Lesson 9 Discussion & Wiki (2019)

Yes, I guess it is somehow related to legacy image formats and libraries that used BGR conventions. So probably OpenCV had it for better compatibility with the rest of the tools. However, now the situation is the ​opposite :smile:

1 Like

Good init. Gradient clipping will only save you from exploding gradients. Good init will save you from exploding activations, vanishing activations, exploding gradients and vanishing gradients.

14 Likes

That makes sense to me. So why is anyone using sqrt(5) anywhere? Seems like a mistake.
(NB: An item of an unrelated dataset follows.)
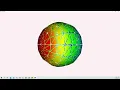 VTK Python Example - LoopShrink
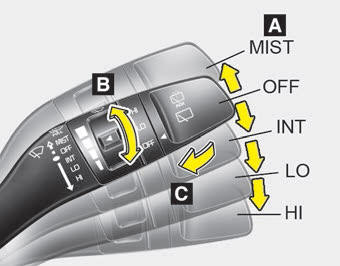 Kia Carnival: Windshield wiper/washer. A : Wiper speed control (front)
That’s the whole point of this first part. It was a mistake :wink:

2 Likes

Seems like pytorch uses 1./ math.sqrt(self.hidden_size) intialization why not Xavier initialization for the sigmoid activations?

Not sure if this was their motivation, but I imagine that an advantage of the uniform distribution is that it is bounded; if you use the gaussian, you have a small probability of very large values for a few of your initial parameters…and in really big models with millions of parameters, at least a few of them will be disproportionately large in magnitude.

14 Likes

So would this method work for multiclass predictions?

Truncated gaussian?

1 Like

How did Jeremy figure out that indexing thing? I’m just curious if there was a process or if that’s something he was just born with.

5 Likes

Sigmoid or softmax is only the final activation of your neural net. Nowadays, it’s only ReLUs inside.

2 Likes

I remember how I used Gaussian distribution for one of the parameters when running a random search for my classifier. And, every once in a while, I was getting the values outside of the parameter’s domain (like, greater than 1 for probability) due to these long tails :smile: So some truncation definitely makes sense.

Maybe its a bias issue? Would we expect our values to be gaussian?

Anyone used swish activation?

I did have some good results but did very few tests.

Some more tests here: https://aclweb.org/anthology/D18-1472

But with a GRU or LSTM each gate has an activation of tanh or sigmoid?

2 Likes

Neat trick!

Oh sorry, I hadn’t followed. This would probably need someone to compute the exact math, yes.

Haha I can only imagine that someone’s model definitely kept giving them garbage and they spent a long time figuring out what happened before they decided that they needed this trick. :laughing:

1 Like

I most papers I’ve seen using GRUs will use a default 0.01 scaling on each of the randomly initialized weights, but I am wondering if it may make sense to try out Xavier initializations…

4 Likes

hi…
can any one re explain logsumexp…
is it on the top of logsoftmx ?

About the max trick for the NLL, what about using the max trick to avoid exploding values without adding it back? What is the benefit?